Software will screen every European retail fund and help pension funds with mandates, makers say.

The German Government is funding the development of a ‘Robo-Advisor’ to help European pension funds, banks and retail investors identify suitable ESG investment products.
The government, in partnership with other funders, has provided €1m to climate think tank 2° Investing Initiative to drive the project, which it is hoped will help bring the sustainability retail market to scale.
Software is being developed that assesses the non-financial characteristics – initially focused on the climate profile – of every retail fund in Europe. From a climate perspective, it will benchmark the capital expenditure of firms against the climate scenarios of the International Energy Agency to assess alignment with a 2°C pathway. The result allows a judgment on the climate alignment of different funds. Beyond this, other ESG criteria and sustainable finance labels will be incorporated in the platform.
A ‘beta’ prototype of a website is slated for autumn where individuals can answer a series of questions on topics such as nuclear power, gender and other non-financial priorities. It screens the results against its database of fund profiles and provides a list of suitable options, which customers can then take to their banks or investment advisors, rather than relying on in-house advice.
“We’re not trying to ‘rate’ funds through the software,” explained Jakob Thoma, Director and Co-Founder of 2° Investing Initiative, adding: “We want to be like a Skyscanner for retail investment.” Skyscanner is a popular website that aggregates flight information from numerous airlines and holiday companies globally, to enable potential customers to search for the most appropriate option available across the market within a few minutes.The same software will also be able to be used by pension funds and banks themselves, 2° Investing Initiative told RI. The recent proposals from the High Level Expert Group on Sustainable Finance, which have been more-or-less transposed into the European Commission’s recent Action Plan on Financing Sustainable Growth, call for changes to rules for both sectors.

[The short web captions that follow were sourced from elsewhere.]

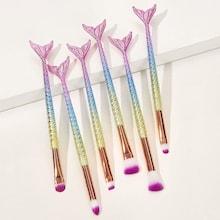 Romwe Mermaid Design Handle Eye Makeup Brush 6pack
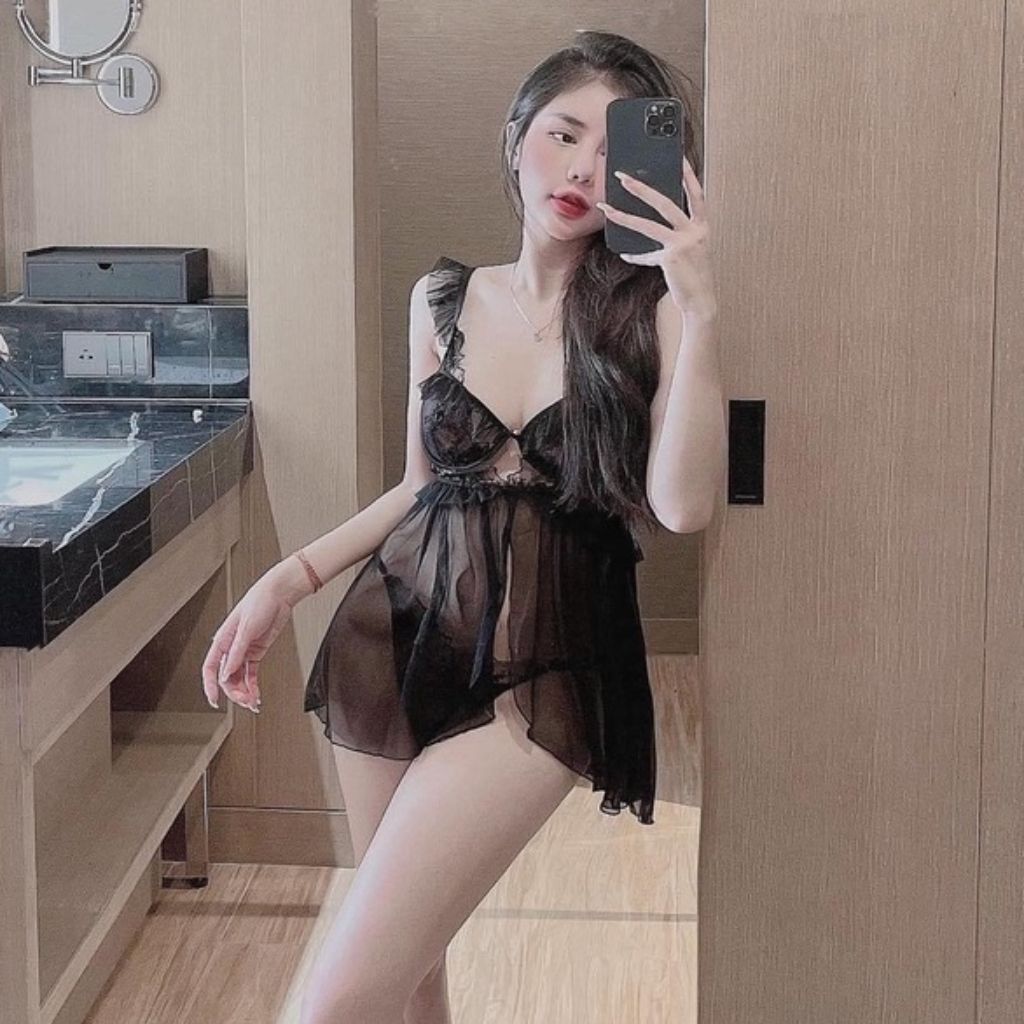 Váy ngủ voan xuyên thấu có gọng nâng đẩy ngực siêu sexy THE CELYNBRA - V77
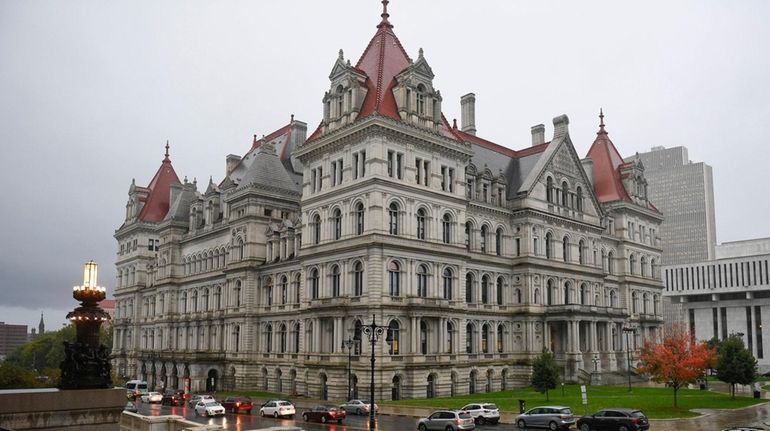 A view of the New York State Capitol seen from...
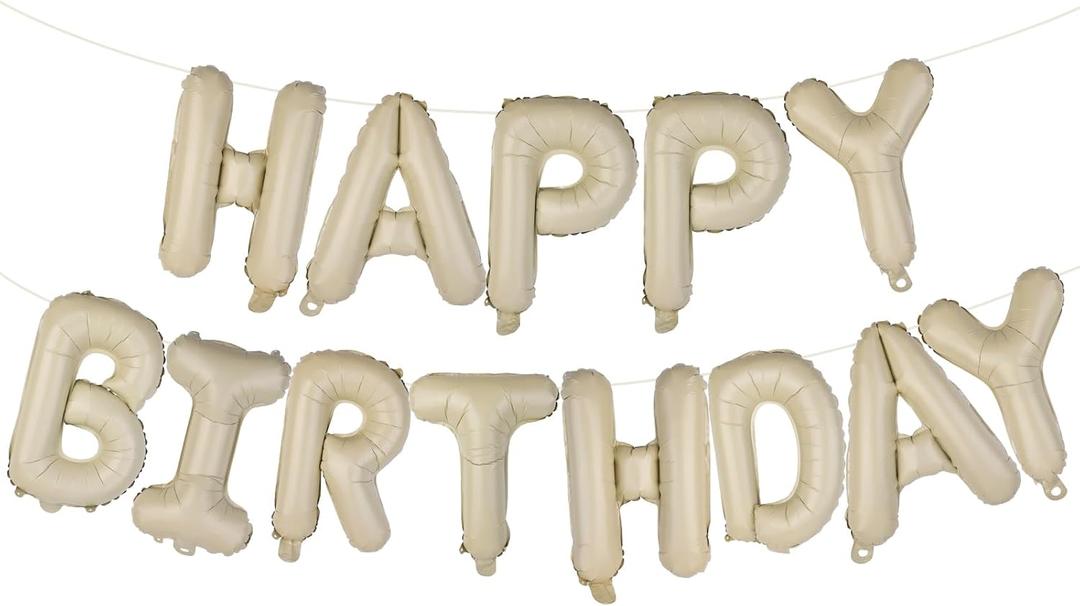 Beige Happy Birthday Balloons Banner 16 Inch Mylar Foil Letters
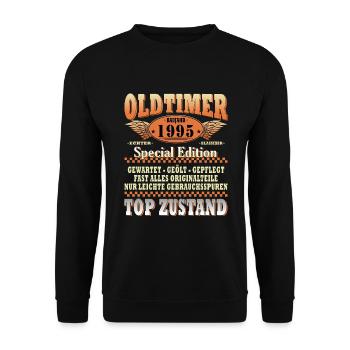 Vintage 1995 Geburtstagsgeschenk 1995 Baujahr - Unisex Pullover - Schwarz - Vorne - Alina (178cm) & Michal (187cm)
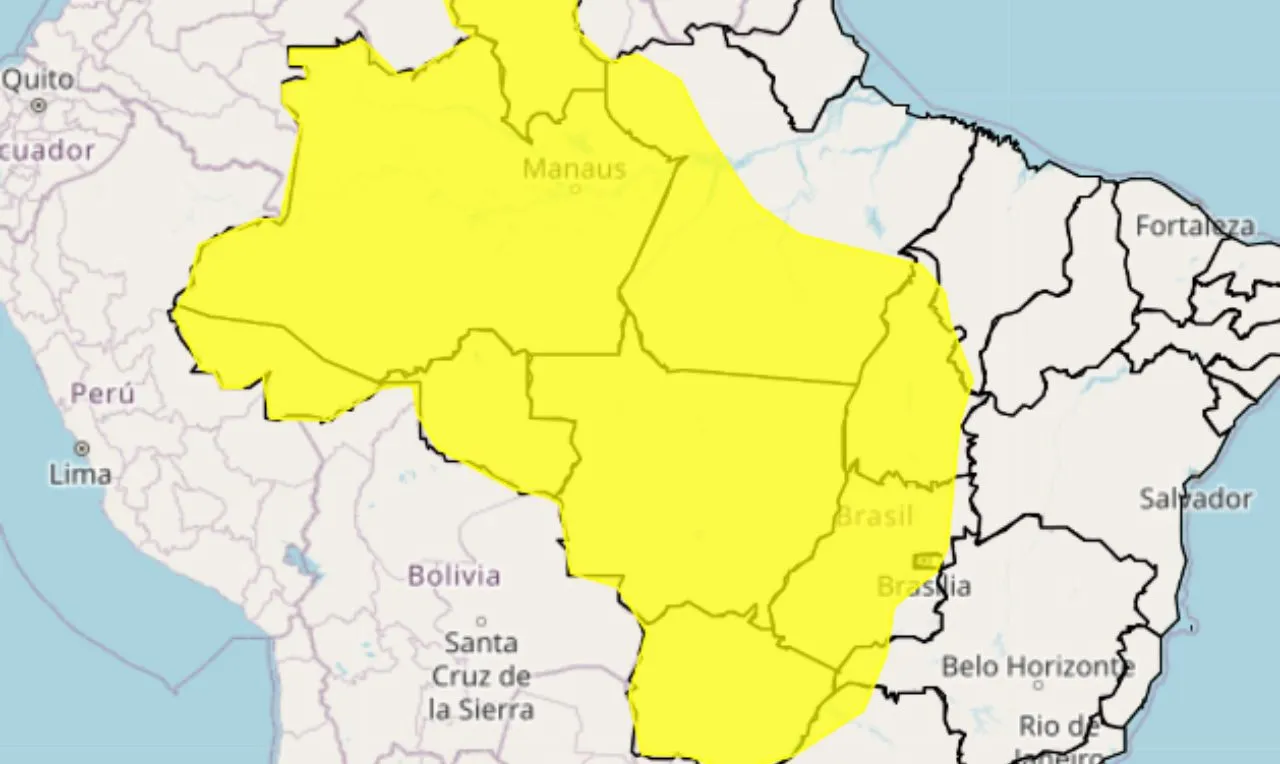 O mapa mostra as áreas em alerta para chuva intensa e ventos
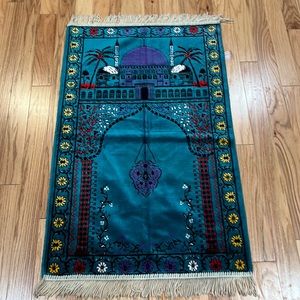 Teal turkish prayer rug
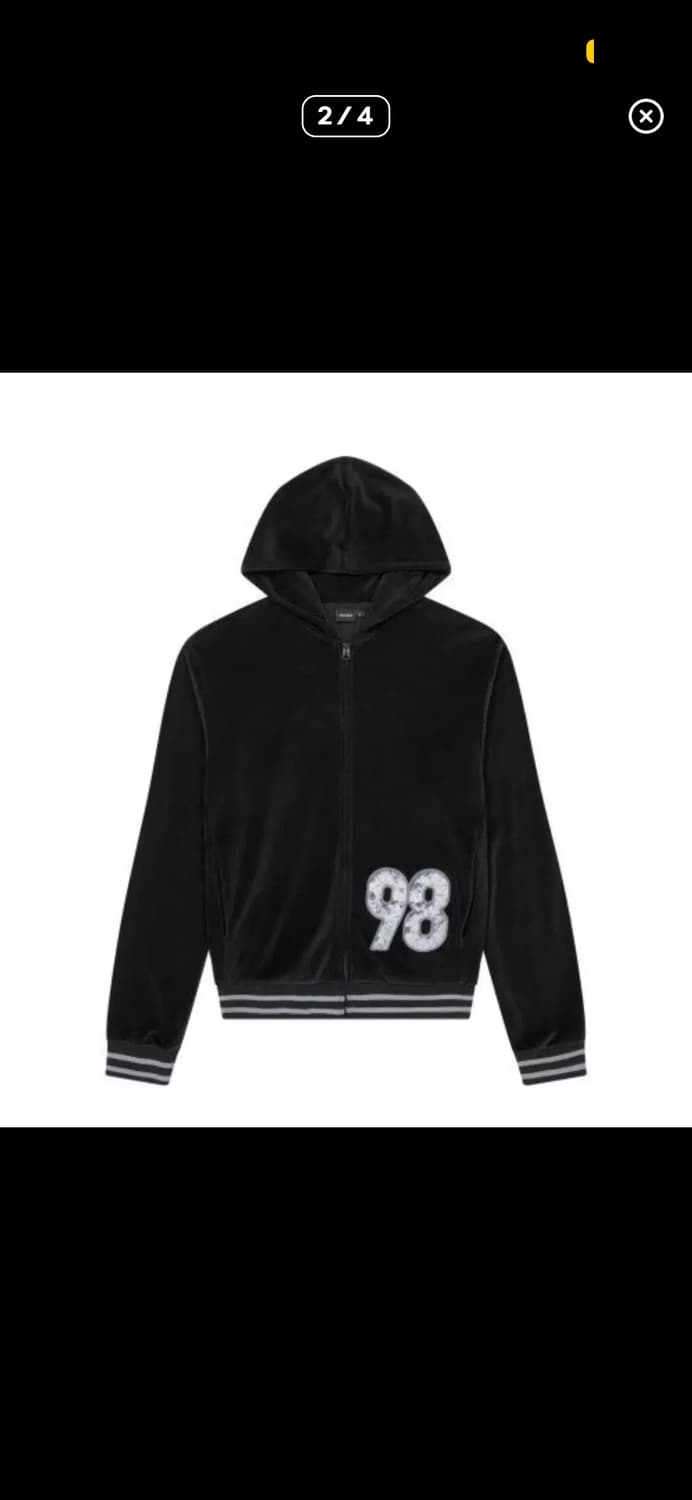 아캄 9C 패치 벨루어 집업 후드티 블랙ㅣ1사이즈 상품이미지2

As part of updates to investor duties, European pension funds are expected to come under regulatory pressure to survey their beneficiaries to establish their environmental and social preferences, and invest accordingly. 2° Investing Initiative expects the new software to enable pension funds to complete these surveys more easily and directly integrate their beneficiaries profile into investment mandates.
Based on HLEG’s recommendations, the EU is also mulling changes to MIFID II, to force banks and insurance providers to ask potential customers for their sustainability preferences when deciding the most appropriate products to offer. The software will also be able to be used by banking staff to make these assessments without requiring formal training.
The software will use 2° Investing Initiative’s climate-related asset level data as its basis, but the NGO told RI it was issuing “an open call to any other experts that want to get involved” – particularly those with ratings and labels or data on other environmental and social aspects.
“We’re open to working with partners to provide their expertise,” explained Thoma. “We want leaders in different fields to come together to contribute to this project.